[Source records]
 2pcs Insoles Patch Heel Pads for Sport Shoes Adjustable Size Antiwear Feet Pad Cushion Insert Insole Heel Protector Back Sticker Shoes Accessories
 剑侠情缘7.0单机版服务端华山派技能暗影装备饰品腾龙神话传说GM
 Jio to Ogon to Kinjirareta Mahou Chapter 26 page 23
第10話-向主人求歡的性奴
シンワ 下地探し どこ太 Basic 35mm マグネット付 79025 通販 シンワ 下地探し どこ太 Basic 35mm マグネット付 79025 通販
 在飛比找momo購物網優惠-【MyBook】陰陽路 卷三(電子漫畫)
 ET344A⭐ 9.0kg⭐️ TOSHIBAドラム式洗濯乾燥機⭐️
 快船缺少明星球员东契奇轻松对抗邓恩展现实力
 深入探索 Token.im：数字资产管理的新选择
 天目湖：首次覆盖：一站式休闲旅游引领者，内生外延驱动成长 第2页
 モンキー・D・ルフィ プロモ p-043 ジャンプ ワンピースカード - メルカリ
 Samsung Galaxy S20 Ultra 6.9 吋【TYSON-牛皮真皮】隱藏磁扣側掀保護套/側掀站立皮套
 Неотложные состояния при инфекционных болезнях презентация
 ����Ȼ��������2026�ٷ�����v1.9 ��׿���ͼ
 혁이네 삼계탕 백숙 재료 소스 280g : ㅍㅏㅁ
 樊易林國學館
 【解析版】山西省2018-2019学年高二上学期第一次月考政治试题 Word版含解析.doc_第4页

▶ Work order: Your answer must be the line with "혁이네 삼계탕 백숙 재료 소스 280g : ㅍㅏㅁ" and all lines after it through the final line of the entries, copied exactly and with nothing added.

▶ Reply:
 혁이네 삼계탕 백숙 재료 소스 280g : ㅍㅏㅁ
 樊易林國學館
 【解析版】山西省2018-2019学年高二上学期第一次月考政治试题 Word版含解析.doc_第4页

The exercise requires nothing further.